Pero Li Yang empezaba a sentir escalofríos. Maldita sea, podía percibir claramente el peligro que representaba el anciano; parecía mucho más fuerte que él. ¡No era rival para él!
Li Yang, manteniendo aún la expresión de un estudiante de secundaria común y corriente, dijo: "¡Señor, usted es increíble! No abusé de su esposa, ni tuve relaciones sexuales con su nuera, ni violé a su nieta. ¿Por qué me odia tanto? ¿Acaso es usted un homosexual enloquecido por los celos al verme rodeado de tantas mujeres hermosas? ¿Piensa matarme y abandonar mi cuerpo en medio de la nada?".

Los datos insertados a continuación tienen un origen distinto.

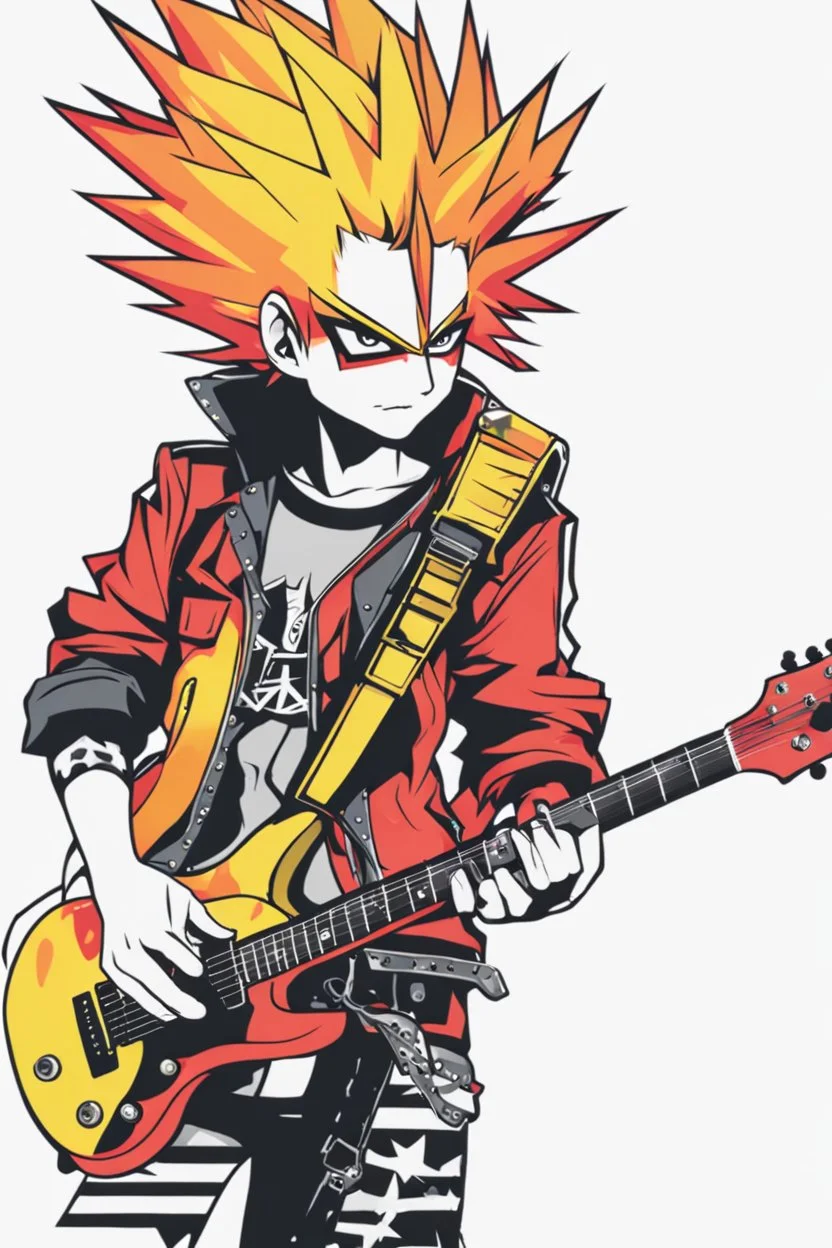 Full body PunkRocker,play guitar electric,with high details, style: Anime coloursfull glowing abstracts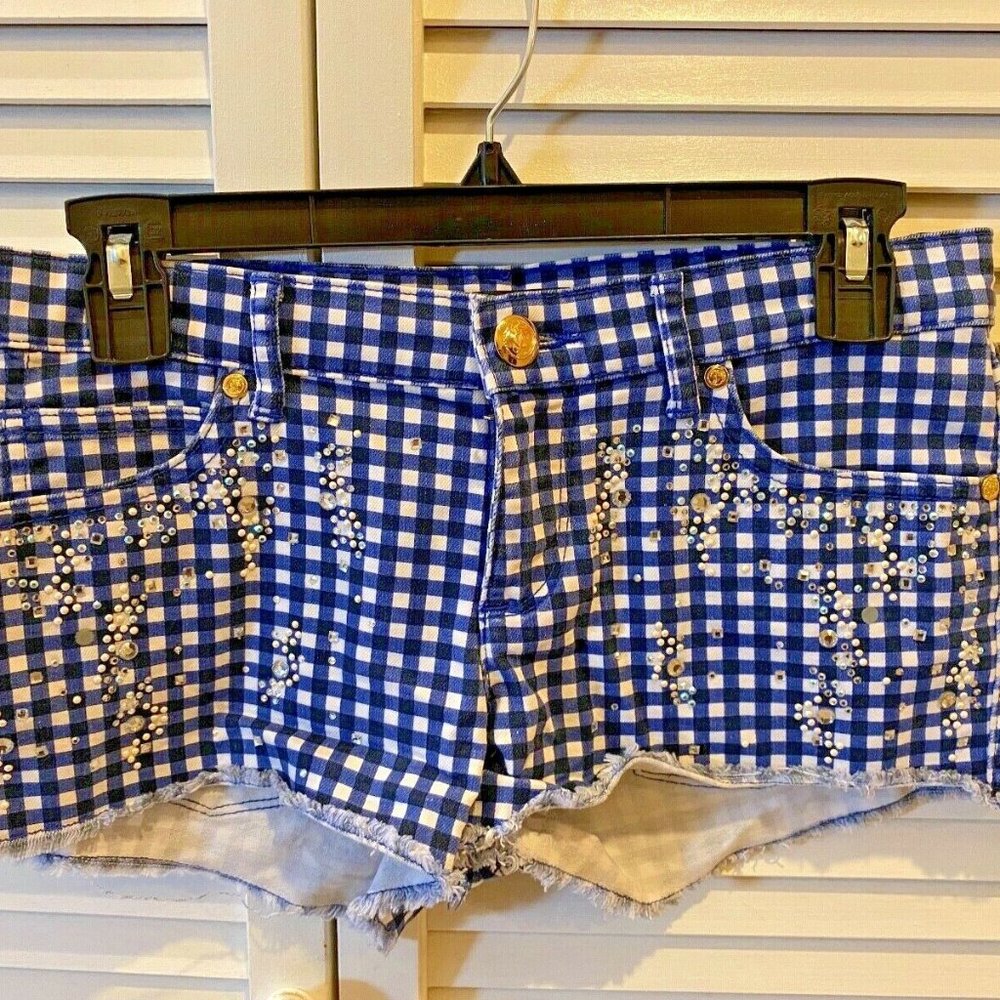 Juicy Couture Blue/White 90%Cotton SHORTS Crystal Embellishment Rhinestone Sz.26
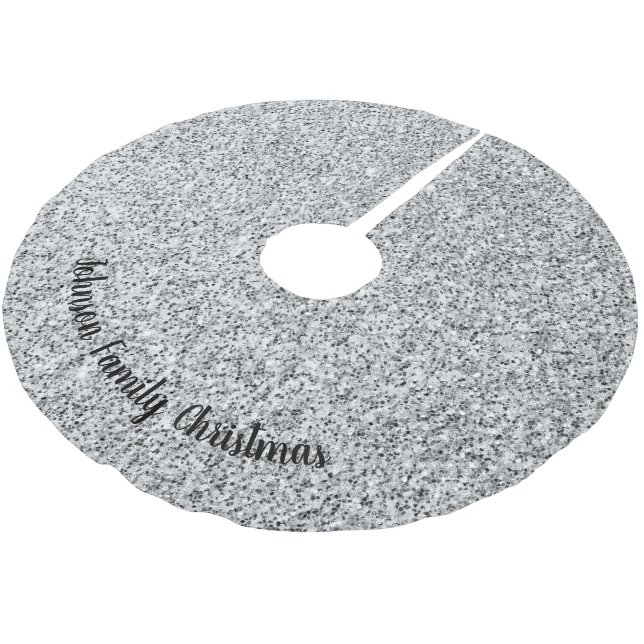 Silver glitter sparkles black white Personalize Brushed Polyester Tree Skirt (Angled)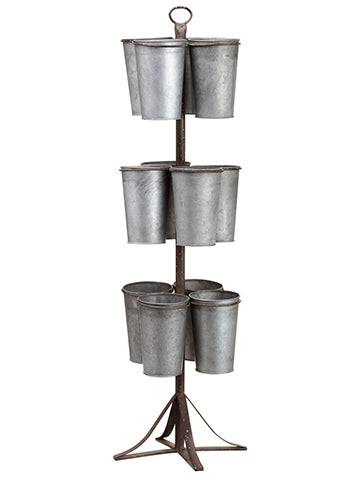 36" Metal Floral Rack With 6" 12 Buckets And Liner Gray (pack of 1)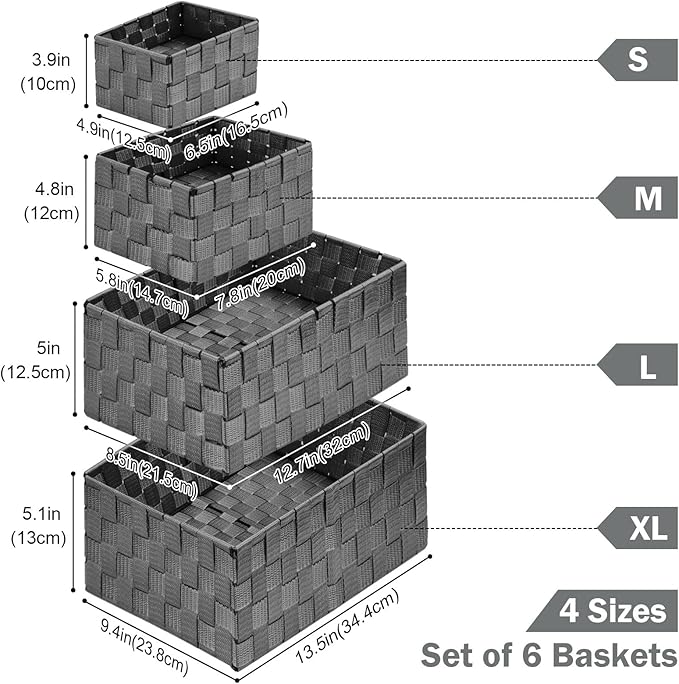 Woven Storage Baskets, Storage Bins, Cube Basket Container Baskets Storage Boxes Organizers for Clothes /Shelves/ Closet, Set of 6 (Grey)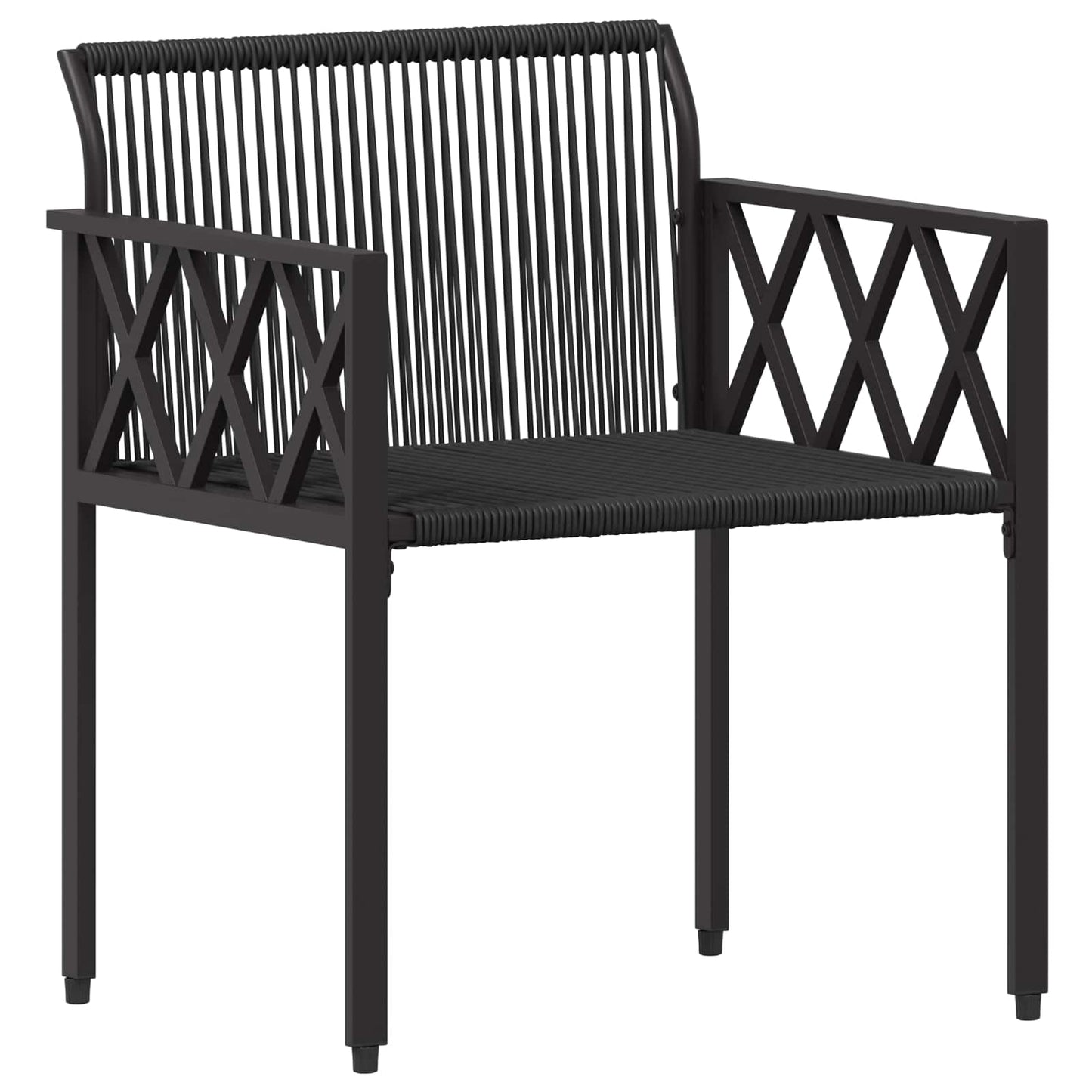Set Mobili da Esterno 3 pcs Nero e Bianco Crema polyrattan | homemem39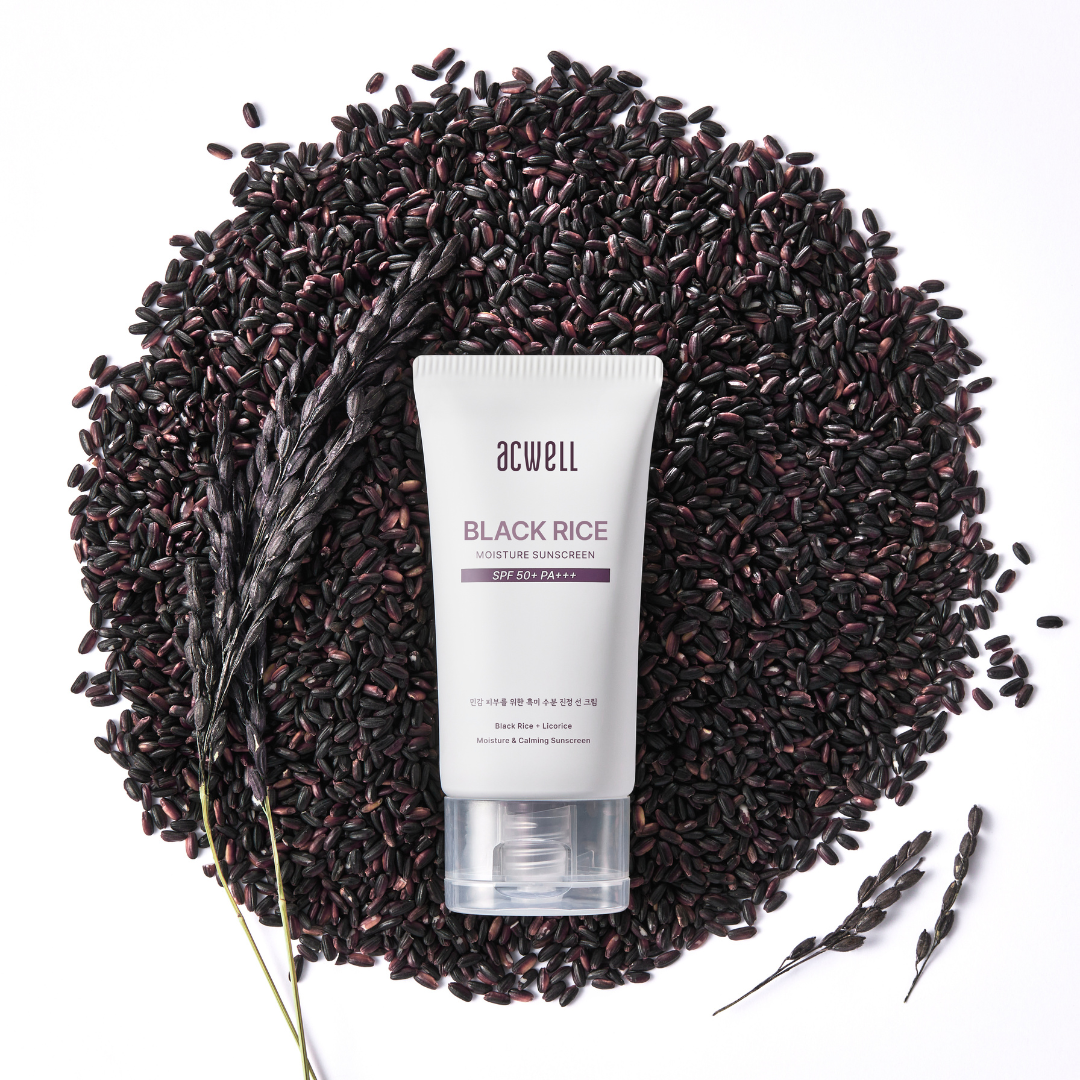 ACWELL Black Rice Moisture Sunscreen SPF50+ PA+++, 50ml with black rice seeds background.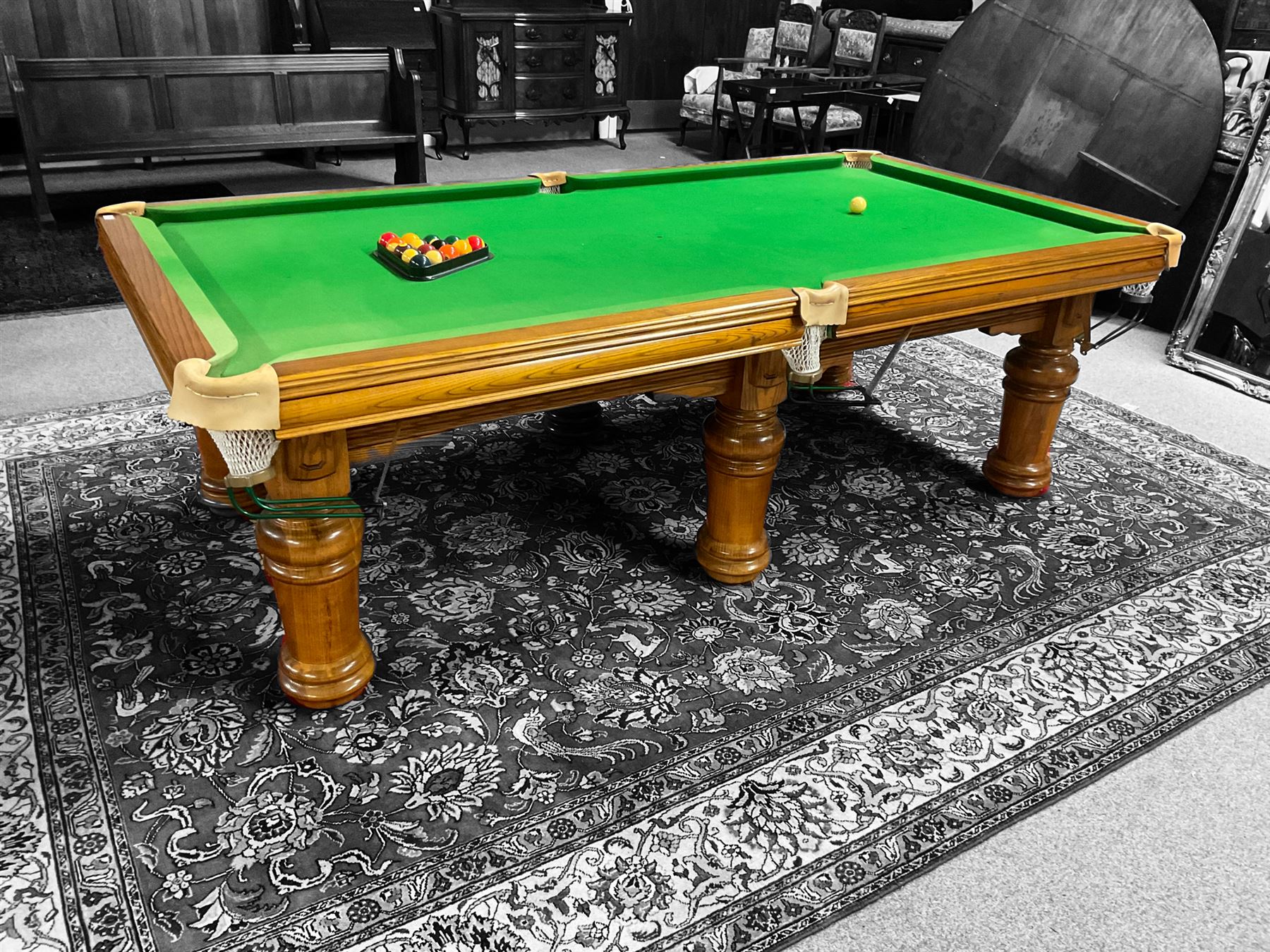 Late 20th century oak slate bed billiard table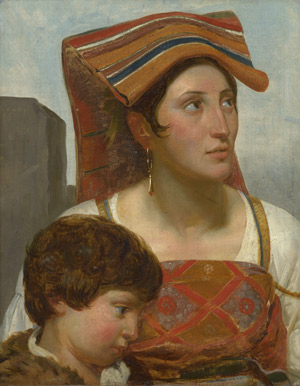 Lot 6040, Auction  114, Italienisch, Mitte 19. Jh. Junge Frau in der Tracht von Albano Laziale  mit ihrem Jungen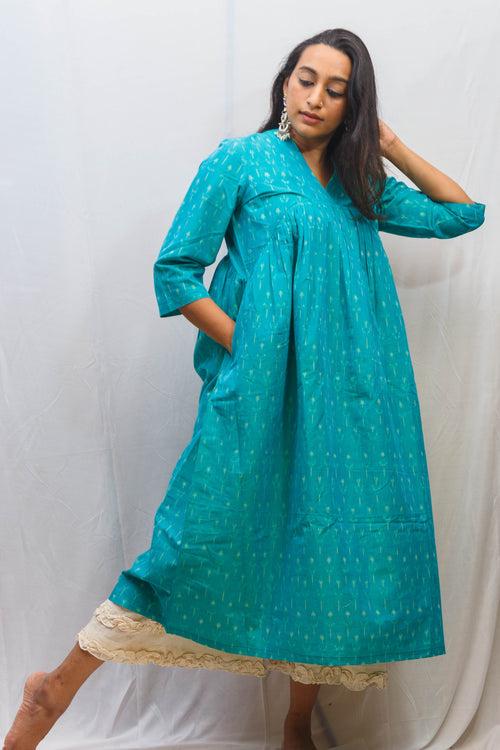 Copper Sulphate Blue Ikat Kurta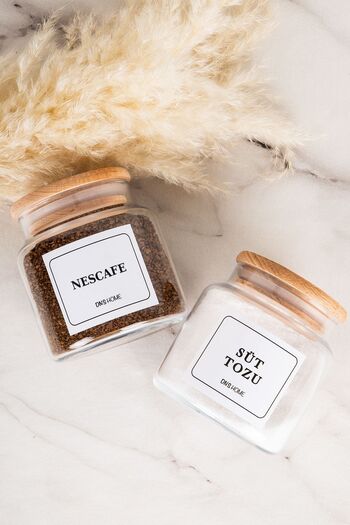 DNS HOME 2-Piece Wooden Vacuum Lid Glass Storage Container with Nescafe and Milk Powder Label Glass Jar 500 ml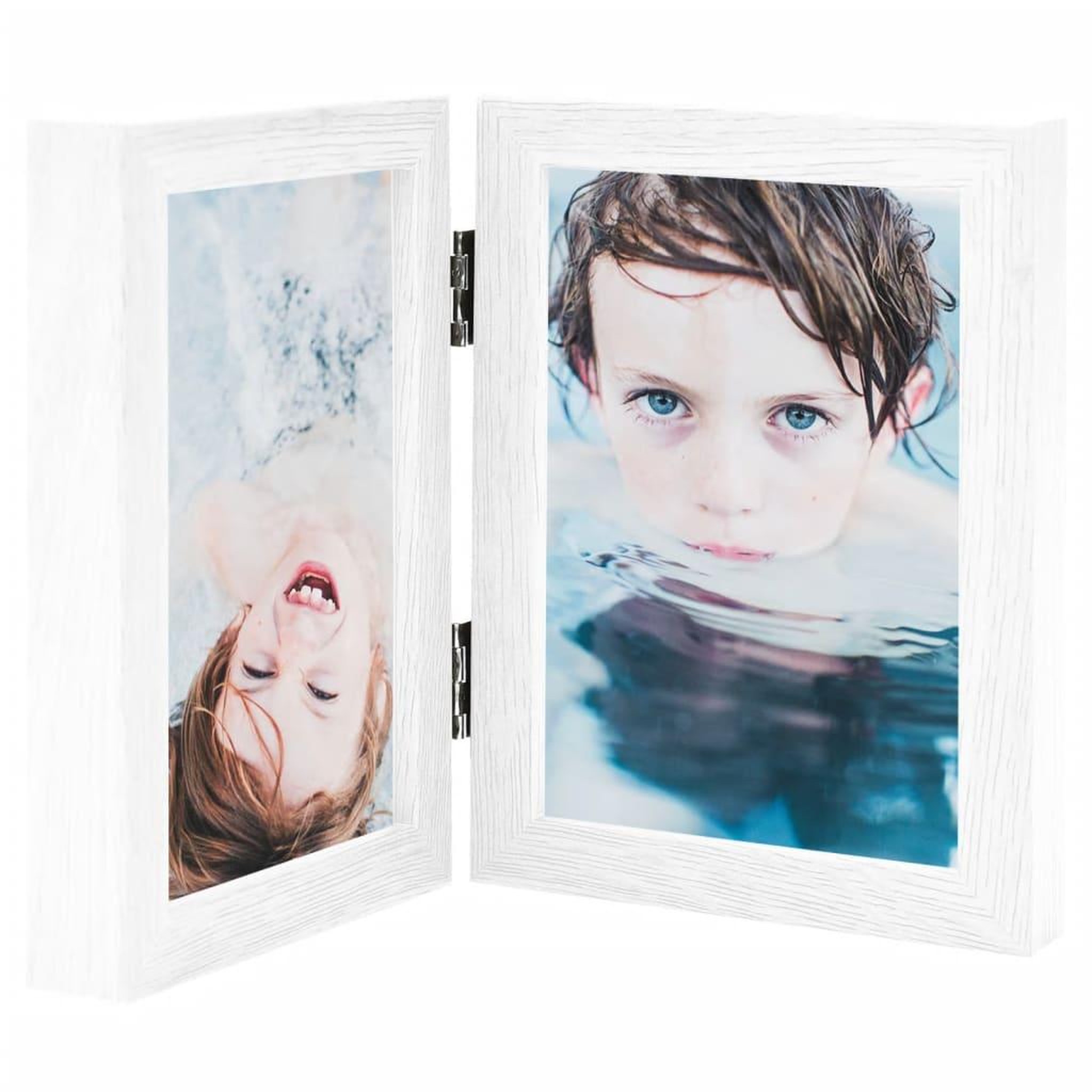 VIDAXL Cadre photo depliable en deux Blanc 2x(13x18 cm)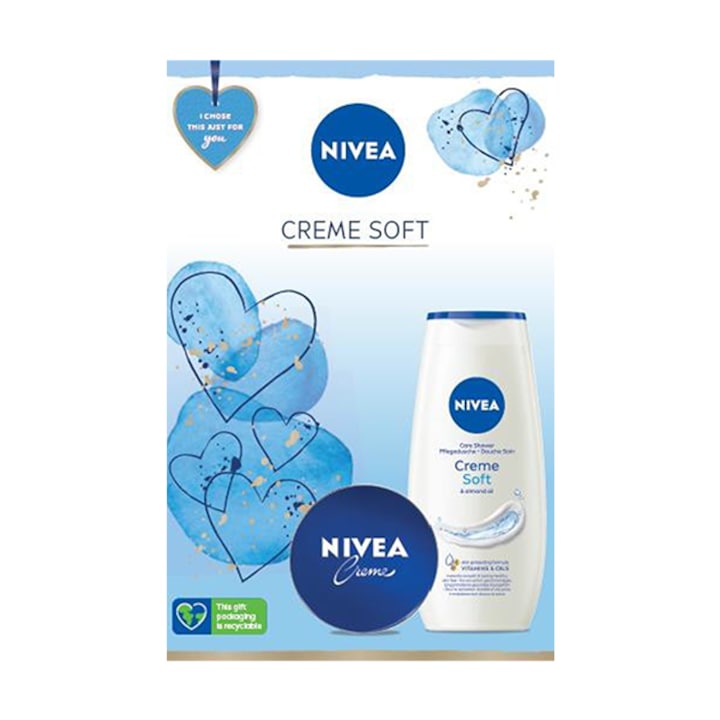 Подаръчен комплект Nivea Creme Soft: Крем, 75 мл + Душ гел, 250 мл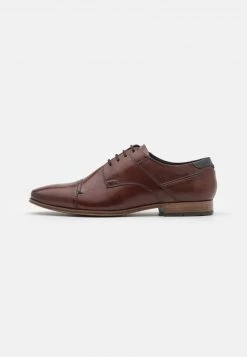 Pier One Uomo LEATHER - Stringate - Brown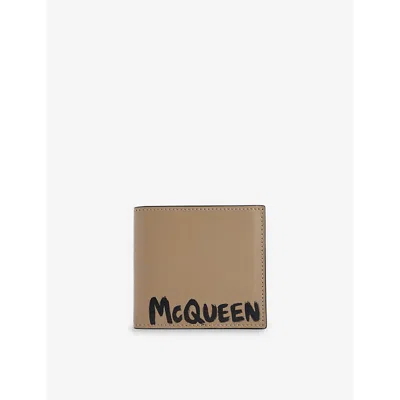 Alexander Mcqueen Beige Brand-print Leather Wallet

Sin embargo, las palabras de Li Yang distaban mucho de ser propias de un estudiante o de ser sinceras, lo que enfureció tanto al anciano que su rostro pasó de parecer una cáscara de naranja a una cáscara de manzana y luego a una cáscara de pepino, y sintió que sus pulmones estaban a punto de explotar.
"¡Pequeño bastardo! ¡Estás buscando la muerte!", el anciano apretó los dientes y estrujó las palabras.
¿En serio? Soy un estudiante de secundaria guapo y apuesto, en la flor de la vida. Hay muchas chicas guapas y mujeres maduras a las que les gusto. No soy como tú, feo y viejo, destinado a no ser amado toda mi vida. ¡No soporto morir! Al ver lo fácil que se enfadaba el anciano, Li Yang se puso de buen humor y siguió provocándolo. Quería que el anciano se enfadara y perdiera la compostura. Ahí tendría su oportunidad.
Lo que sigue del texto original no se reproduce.